A framework for analyzing the constitutionality of restrictions on federal court jurisdiction in immigration cases

University of Memphis Law Review, The, Winter 1999 by Chemerinsky, Erwin

For example, in the earliest case on the issue, Sheldon v. Sill,51 the Court upheld a provision of the Judiciary Act of 1789 that prohibited diversity jurisdiction from being created by the assignment of a debt.52 Under this principle, when there has been an assignment, a federal court may take the case under its diversity jurisdiction only if the case properly could have been brought to federal court prior to the assignment. Article III, which authorizes diversity jurisdiction, creates no such limitation precluding jurisdiction based on assignment.

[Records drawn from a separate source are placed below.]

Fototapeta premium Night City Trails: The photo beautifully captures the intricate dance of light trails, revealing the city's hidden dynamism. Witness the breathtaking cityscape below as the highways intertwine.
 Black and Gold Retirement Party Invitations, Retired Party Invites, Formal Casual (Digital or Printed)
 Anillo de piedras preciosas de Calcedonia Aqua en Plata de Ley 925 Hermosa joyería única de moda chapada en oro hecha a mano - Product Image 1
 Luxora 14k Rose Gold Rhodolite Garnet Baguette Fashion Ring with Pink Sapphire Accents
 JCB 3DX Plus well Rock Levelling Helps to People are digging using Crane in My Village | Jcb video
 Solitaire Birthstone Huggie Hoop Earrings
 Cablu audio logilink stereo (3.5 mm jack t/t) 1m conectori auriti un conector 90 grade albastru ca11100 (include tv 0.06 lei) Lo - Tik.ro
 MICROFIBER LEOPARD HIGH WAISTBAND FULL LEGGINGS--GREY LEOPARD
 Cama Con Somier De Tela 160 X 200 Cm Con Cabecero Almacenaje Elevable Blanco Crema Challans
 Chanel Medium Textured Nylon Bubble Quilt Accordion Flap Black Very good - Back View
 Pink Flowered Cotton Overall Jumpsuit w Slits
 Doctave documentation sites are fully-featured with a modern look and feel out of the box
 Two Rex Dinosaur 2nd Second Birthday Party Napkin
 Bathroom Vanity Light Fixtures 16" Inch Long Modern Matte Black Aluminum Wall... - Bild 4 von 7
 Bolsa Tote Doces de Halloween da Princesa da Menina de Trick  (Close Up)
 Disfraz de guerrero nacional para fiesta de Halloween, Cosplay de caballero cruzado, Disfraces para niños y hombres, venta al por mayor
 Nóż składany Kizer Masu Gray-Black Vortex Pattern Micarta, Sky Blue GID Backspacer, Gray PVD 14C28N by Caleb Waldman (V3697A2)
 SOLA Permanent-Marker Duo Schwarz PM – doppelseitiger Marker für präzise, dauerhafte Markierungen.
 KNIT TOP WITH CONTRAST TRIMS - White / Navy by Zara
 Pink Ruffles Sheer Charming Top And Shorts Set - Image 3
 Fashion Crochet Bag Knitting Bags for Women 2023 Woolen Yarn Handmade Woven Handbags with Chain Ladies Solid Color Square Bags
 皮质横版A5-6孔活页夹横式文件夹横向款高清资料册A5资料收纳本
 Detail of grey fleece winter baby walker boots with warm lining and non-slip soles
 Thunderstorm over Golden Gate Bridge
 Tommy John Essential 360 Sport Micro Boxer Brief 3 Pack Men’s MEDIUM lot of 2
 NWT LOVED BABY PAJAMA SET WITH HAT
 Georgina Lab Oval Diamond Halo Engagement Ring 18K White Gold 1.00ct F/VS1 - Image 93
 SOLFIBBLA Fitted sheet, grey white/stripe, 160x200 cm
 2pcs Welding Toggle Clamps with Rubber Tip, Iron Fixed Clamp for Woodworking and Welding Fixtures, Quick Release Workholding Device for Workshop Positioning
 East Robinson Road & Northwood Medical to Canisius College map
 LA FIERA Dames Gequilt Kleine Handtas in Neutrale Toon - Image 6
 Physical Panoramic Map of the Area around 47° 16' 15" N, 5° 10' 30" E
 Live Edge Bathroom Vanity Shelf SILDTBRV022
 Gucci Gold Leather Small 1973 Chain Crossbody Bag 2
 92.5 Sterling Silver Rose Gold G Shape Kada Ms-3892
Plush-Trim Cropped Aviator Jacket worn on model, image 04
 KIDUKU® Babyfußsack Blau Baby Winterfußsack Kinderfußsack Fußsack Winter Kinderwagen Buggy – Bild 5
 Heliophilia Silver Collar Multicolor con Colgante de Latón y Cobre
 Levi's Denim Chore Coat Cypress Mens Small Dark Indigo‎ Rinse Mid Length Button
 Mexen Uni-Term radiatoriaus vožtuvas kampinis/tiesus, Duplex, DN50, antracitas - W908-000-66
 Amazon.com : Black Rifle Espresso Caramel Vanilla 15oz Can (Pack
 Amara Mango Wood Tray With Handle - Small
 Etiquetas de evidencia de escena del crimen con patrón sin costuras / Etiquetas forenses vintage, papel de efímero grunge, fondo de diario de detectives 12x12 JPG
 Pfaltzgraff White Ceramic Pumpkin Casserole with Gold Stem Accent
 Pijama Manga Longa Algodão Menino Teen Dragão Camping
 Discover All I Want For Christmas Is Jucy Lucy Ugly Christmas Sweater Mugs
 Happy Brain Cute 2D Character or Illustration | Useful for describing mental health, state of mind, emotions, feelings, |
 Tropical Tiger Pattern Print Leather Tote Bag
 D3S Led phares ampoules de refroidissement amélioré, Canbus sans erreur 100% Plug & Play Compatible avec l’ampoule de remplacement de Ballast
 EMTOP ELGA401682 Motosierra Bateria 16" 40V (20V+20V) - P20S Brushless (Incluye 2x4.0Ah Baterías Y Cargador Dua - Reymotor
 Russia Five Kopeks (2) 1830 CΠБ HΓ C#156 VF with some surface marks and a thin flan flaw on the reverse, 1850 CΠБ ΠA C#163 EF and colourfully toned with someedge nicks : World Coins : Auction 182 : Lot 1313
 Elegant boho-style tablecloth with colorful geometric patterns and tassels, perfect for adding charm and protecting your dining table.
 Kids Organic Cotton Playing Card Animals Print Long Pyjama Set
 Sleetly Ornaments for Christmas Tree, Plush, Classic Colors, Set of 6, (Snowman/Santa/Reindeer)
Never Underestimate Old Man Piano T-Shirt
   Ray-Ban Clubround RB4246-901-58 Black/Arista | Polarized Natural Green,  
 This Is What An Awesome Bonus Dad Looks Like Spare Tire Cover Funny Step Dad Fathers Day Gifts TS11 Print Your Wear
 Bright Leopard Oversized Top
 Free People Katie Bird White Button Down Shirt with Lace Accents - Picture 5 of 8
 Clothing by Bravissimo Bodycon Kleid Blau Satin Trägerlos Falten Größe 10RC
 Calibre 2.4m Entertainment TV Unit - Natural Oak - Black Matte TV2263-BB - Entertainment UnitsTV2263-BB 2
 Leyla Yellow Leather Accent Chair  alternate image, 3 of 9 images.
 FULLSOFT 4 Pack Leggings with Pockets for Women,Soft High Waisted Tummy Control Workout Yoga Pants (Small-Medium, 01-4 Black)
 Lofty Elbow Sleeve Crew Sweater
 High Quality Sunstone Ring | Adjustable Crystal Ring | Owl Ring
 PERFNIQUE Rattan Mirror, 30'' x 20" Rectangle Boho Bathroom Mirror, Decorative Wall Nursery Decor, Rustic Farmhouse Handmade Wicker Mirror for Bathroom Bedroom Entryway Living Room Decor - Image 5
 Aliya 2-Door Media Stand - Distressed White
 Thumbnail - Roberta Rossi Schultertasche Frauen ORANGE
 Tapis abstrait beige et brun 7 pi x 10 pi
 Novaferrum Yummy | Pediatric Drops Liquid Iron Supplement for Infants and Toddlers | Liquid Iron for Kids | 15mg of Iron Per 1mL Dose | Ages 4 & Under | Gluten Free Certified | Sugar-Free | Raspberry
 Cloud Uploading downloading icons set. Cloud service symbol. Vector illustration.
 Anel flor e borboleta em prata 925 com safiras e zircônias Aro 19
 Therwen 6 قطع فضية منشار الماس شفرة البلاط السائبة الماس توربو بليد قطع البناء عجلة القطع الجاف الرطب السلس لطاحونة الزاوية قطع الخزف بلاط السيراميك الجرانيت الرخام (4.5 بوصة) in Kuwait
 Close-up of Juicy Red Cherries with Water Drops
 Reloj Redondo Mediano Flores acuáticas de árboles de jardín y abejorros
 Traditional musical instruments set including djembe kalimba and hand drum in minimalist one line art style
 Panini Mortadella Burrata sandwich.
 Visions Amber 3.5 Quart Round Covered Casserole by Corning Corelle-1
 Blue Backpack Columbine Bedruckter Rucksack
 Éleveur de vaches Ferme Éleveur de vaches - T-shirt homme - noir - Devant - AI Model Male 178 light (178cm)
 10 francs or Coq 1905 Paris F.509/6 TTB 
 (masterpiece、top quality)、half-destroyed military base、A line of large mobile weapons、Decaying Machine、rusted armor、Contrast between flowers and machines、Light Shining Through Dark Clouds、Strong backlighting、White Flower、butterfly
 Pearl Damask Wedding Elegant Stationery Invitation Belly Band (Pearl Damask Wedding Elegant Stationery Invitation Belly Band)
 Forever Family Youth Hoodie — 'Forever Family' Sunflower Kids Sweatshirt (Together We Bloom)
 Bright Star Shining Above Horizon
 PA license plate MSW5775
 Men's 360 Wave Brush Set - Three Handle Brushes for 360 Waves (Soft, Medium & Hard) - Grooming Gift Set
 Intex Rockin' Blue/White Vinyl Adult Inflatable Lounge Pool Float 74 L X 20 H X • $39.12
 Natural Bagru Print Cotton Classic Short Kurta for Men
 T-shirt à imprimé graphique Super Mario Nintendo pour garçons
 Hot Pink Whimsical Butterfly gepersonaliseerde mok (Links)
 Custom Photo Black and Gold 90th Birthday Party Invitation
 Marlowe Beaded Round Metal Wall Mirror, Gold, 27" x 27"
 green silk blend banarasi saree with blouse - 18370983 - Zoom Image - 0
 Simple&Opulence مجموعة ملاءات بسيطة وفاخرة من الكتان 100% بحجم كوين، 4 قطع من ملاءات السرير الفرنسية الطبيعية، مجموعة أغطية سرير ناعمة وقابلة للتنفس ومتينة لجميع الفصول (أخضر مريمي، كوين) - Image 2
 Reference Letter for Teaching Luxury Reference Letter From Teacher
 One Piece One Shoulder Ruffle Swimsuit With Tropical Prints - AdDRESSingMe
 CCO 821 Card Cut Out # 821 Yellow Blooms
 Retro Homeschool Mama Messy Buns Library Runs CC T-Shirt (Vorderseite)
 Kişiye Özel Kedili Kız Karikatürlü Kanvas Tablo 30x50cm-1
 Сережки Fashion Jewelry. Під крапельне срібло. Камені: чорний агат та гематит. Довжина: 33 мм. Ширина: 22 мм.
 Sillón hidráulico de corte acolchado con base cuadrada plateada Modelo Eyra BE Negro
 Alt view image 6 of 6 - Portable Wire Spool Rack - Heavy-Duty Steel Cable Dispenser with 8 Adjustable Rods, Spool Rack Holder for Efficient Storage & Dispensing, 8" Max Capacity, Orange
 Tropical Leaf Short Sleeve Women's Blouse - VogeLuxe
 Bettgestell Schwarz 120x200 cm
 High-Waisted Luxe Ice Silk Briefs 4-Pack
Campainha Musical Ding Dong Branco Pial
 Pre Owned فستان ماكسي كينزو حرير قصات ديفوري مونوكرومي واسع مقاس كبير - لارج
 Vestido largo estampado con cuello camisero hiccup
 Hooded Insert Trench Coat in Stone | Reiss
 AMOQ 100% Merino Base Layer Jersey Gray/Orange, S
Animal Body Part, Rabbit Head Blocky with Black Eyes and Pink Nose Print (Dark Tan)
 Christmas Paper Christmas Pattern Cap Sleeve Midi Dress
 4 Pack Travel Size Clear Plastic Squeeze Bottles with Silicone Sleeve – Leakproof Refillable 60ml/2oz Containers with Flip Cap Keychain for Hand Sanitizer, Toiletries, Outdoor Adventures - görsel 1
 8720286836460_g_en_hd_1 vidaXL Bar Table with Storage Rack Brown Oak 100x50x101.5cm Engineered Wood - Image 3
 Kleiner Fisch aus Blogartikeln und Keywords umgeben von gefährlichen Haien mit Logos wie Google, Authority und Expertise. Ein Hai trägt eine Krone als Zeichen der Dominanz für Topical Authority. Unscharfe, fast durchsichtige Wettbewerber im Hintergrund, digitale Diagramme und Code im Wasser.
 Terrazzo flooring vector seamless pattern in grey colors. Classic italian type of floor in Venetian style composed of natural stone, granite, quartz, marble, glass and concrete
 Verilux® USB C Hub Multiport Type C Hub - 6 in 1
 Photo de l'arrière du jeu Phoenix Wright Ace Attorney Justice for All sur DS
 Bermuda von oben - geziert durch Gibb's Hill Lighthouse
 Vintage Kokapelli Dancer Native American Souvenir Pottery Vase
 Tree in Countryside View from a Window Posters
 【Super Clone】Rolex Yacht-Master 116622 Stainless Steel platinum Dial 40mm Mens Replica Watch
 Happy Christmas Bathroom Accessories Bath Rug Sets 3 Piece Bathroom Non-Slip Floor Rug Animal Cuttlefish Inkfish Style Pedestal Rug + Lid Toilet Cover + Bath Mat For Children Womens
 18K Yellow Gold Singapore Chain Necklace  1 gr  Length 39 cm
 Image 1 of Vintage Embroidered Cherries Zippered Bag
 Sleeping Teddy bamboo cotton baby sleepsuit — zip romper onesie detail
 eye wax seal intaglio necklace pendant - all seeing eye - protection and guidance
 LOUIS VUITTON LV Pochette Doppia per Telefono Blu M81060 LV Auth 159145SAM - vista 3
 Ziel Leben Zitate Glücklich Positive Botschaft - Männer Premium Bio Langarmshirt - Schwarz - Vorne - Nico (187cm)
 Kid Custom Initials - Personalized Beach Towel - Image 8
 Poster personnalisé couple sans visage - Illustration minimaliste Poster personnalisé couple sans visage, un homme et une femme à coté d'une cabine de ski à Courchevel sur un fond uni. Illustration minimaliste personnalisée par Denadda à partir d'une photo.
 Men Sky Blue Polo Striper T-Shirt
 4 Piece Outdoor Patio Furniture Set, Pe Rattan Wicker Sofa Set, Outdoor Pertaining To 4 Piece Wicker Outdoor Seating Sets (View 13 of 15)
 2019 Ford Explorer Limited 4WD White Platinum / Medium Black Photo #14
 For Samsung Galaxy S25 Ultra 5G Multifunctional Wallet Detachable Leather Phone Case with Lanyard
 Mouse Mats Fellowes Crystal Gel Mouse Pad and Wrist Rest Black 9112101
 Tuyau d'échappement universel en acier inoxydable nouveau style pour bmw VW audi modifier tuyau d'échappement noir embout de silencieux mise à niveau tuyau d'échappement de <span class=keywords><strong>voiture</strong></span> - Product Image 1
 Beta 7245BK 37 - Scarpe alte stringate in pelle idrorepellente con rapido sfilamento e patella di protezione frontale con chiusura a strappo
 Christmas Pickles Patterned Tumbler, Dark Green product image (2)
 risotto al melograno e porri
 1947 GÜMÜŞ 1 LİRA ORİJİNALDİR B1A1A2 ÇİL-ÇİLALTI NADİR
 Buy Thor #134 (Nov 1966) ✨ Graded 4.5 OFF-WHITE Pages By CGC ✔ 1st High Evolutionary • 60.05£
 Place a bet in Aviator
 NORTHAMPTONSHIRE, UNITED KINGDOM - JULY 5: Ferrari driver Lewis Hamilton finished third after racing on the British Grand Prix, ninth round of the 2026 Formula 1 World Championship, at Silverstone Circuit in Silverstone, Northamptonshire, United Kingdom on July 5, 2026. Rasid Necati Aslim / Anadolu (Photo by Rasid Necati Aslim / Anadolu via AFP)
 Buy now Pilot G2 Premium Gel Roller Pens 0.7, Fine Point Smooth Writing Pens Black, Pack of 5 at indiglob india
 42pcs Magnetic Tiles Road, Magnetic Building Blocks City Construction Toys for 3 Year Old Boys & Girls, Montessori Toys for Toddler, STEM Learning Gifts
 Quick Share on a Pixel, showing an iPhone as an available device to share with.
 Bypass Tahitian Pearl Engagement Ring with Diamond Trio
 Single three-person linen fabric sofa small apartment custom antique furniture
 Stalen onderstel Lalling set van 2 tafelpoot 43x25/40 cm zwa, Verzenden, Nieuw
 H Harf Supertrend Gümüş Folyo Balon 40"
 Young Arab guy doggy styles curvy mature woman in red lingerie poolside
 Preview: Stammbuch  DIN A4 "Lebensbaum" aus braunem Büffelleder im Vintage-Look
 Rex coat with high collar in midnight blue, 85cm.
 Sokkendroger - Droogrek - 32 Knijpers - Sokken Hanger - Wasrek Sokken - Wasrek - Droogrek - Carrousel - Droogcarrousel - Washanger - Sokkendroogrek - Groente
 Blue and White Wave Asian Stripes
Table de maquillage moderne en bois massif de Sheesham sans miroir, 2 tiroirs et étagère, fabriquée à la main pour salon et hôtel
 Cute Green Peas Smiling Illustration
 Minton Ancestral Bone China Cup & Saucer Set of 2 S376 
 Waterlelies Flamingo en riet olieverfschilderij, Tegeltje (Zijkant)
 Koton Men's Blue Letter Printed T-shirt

The issue in Sheldon v. Sill was whether Congress could restrict diversity jurisdiction in this manner. Sheldon, a Michigan resident, owed money to Hastings, also a Michigan resident, on a bond and a mortgage. Hastings assigned the debt owed him to Sill, a New York resident. Pursuant to this assignment, Sill sued Sheldon in federal court to recover the sum due. Sheldon moved to dismiss because, under the Judiciary Act of 1789, federal courts could not hear cases where diversity was created by an assignment. But Sill contended that because Article III authorizes diversity jurisdiction and does not contain a limitation for diversity gained by assignment, this section of the Judiciary Act was unconstitutional.53

The Supreme Court upheld the Judiciary Act's restriction on diversity jurisdiction. The Court declared: "Congress may withhold from any court of its creation jurisdiction of any of the enumerated controversies. Courts created by statute can have no jurisdiction but such as the statute confers."54 The Court continued in even broader language: "The political truth is, that the disposal of the judicial power (except in a few specified instances) belongs to Congress and Congress is not bound to enlarge the jurisdiction of the Federal courts to every subject, in every form which the Constitution might warrant."55

The Supreme Court has adopted this position in a number of other decisions. In Kline v. Burke Construction Co.,56 the Supreme Court held that the Anti-Injunction Act precluded a federal court from enjoining a simultaneous state court proceeding for breach of contract. In upholding this limit on federal court power, the Court stated:

Only the jurisdiction of the Supreme Court is derived directly from the Constitution. Every other court created by the general government derives its jurisdiction wholly from the authority of Congress. That body may give, withhold or restrict such jurisdiction at its discretion, provided it be not extended beyond the boundaries fixed by the Constitution.57

In Lauf v. E. G. Shinner cfc Co.,58 the Court considered the constitutionality of the Norris-LaGuardia Act, which limited the ability of the federal courts to issue injunctions in labor disputes and prevented federal courts from enforcing contracts whereby employees agreed not to join a union. During the first decades of the twentieth century, the federal courts were hostile to the labor movement and often enjoined labor protests. Moreover, the Supreme Court held that states could not prohibit employers from requiring employees to agree to refrain from joining a union as a condition of employment.59 The Norris-LaGuardia Act sought to protect labor by limiting the power of the federal courts.